The Cuyahoga County Executive and County Council provided nearly $2.4 million from CARES Act funds, which will be used to obtain testing equipment and supplies and to deploy clinical teams to provide the testing service. The tests will be administered by MetroHealth caregivers, who will travel to various workplaces.
“This rapid testing will allow us to test paramedics, police officers and others before they go into work and have the results in about 15 minutes,” said MetroHealth CEO and President Akram Boutros, MD, FACHE. “This will help limit the spread of COVID-19 in the community, and is another example of MetroHealth working collaboratively to protect our neighbors.”
“Rapid testing is essential to us as we manage this phase of the COVID crisis,” Cuyahoga County Executive Armond Budish said. “We are pleased to support this rapid testing program. Every dollar spent on testing gets us closer to ending this national nightmare.”
Rapid testing can be used strategically to reduce the spread of COVID-19 in high-risk environments, said Terry Allan, Cuyahoga County Health Commissioner. “We look forward to learning from this pilot in coordination with our essential public safety partners.”
Rapid testing does not replace other mitigation measures such as masking, staying home if you are feeling unwell or physical distancing. However, in environments where essential workers must be in close quarters to perform their jobs, rapid testing may provide an added layer of protection.
An existing partnership between MetroHealth, the Cuyahoga County Board of Health and Cuyahoga County has resulted in more than 14,000 people receiving free COVID tests. Much of this testing was done in partnership with religious organizations in under-resourced areas. That free testing is scheduled to continue throughout this year.
The MetroHealth System is redefining health care by going beyond medical treatment to improve the foundations of community health and well-being: affordable housing, a cleaner environment, economic opportunity and access to fresh food, convenient transportation, legal help and other services. The system strives to become as good at preventing disease as it is at treating it.
The system’s more than 600 doctors, 1,700 nurses and 7,800 employees go to work each day with a mission of service, to their patients and to the community. As Cuyahoga County’s safety-net health system, MetroHealth plays an essential role in the region, caring for anyone and everyone, regardless of an ability to pay.
Founded in 1837, MetroHealth operates four hospitals, four emergency departments and more than 20 health centers and 40 additional sites throughout Cuyahoga County. The system serves more than 300,000 patients, two-thirds of whom are uninsured or covered by Medicare or Medicaid.
MetroHealth is home to Cuyahoga County’s most experienced Level I Adult Trauma Center, verified since 1992, and Ohio’s only adult and pediatric trauma and burn center.
As an academic medical center, MetroHealth is committed to research and to teaching and training tomorrow’s caregivers. Each active staff physician holds a faculty appointment at Case Western Reserve University School of Medicine. Its main campus hospital houses the Cleveland Metropolitan School District’s Lincoln-West School of Science & Health, the only high school in America located inside a hospital.
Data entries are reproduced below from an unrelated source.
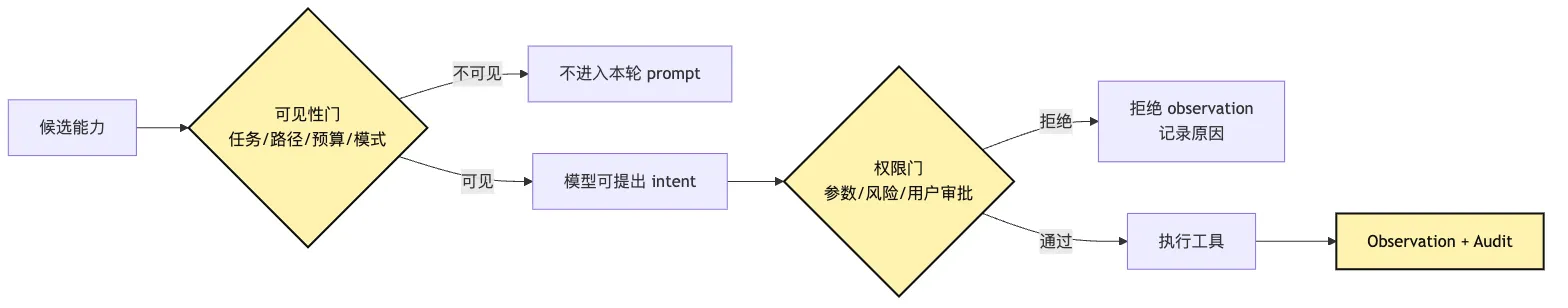 Capability Discovery:按任务暴露最小能力集合 Mermaid 6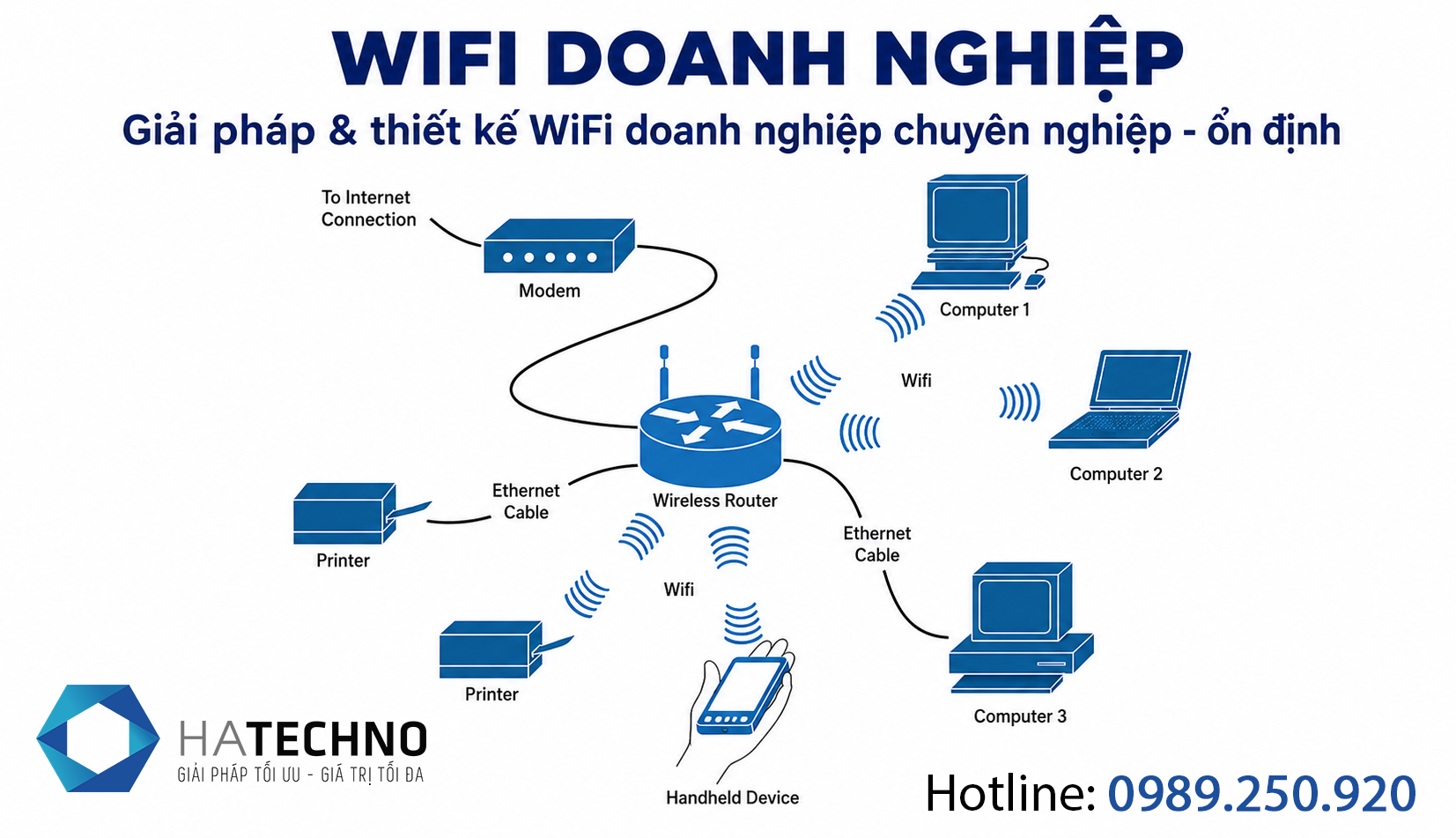 WiFi doanh nghiệp là gì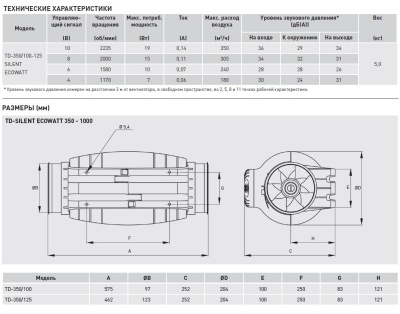 Энергоэффективный канальный вентилятор Soler Palau TD-350/100-125 SILENT ECOWATT Энергоэффективный канальный вентилятор Soler Palau TD-350/100-125 SILENT ECOWATT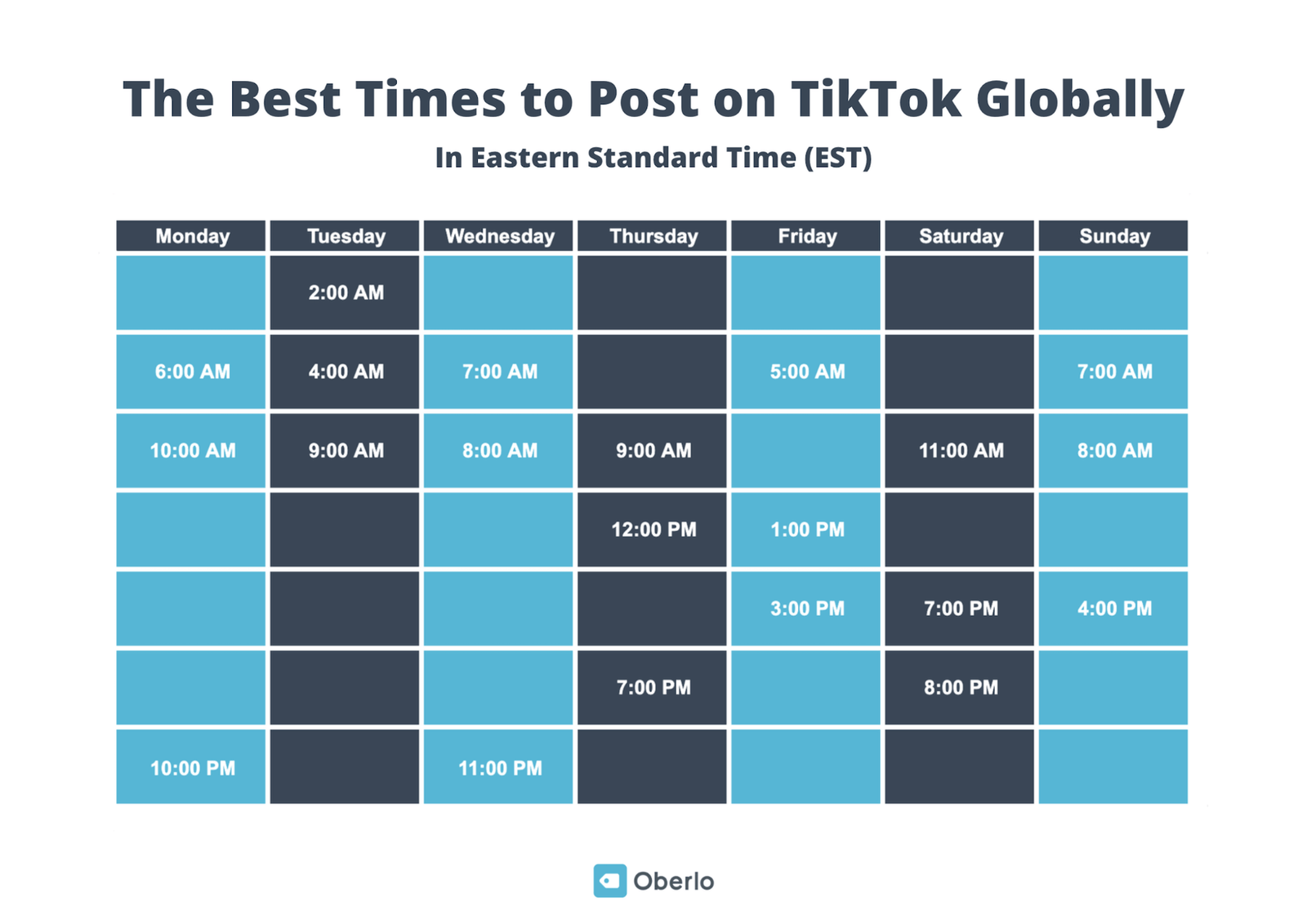 أفضل وقت للنشر على TIKTOK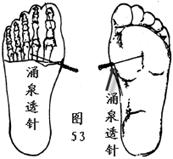 董氏针灸全集验证   5 - 依靠的家 - 依靠的家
Knowing that good health is about much more than good medical care, MetroHealth has launched the Institute for H.O.P.E.™ (Health, Opportunity, Partnership, Empowerment), which uses a coordinated, collaborative and strategic approach to help patients with non-medical needs such as healthy food, stable housing and job training.
The MetroHealth Glick Center, a new 11-floor hospital, is under construction on the system’s main campus in Cleveland and is scheduled to welcome its first patients in October 2022. The billion-dollar project is the cornerstone of a wider neighborhood revitalization effort led by the system and its partners in the community.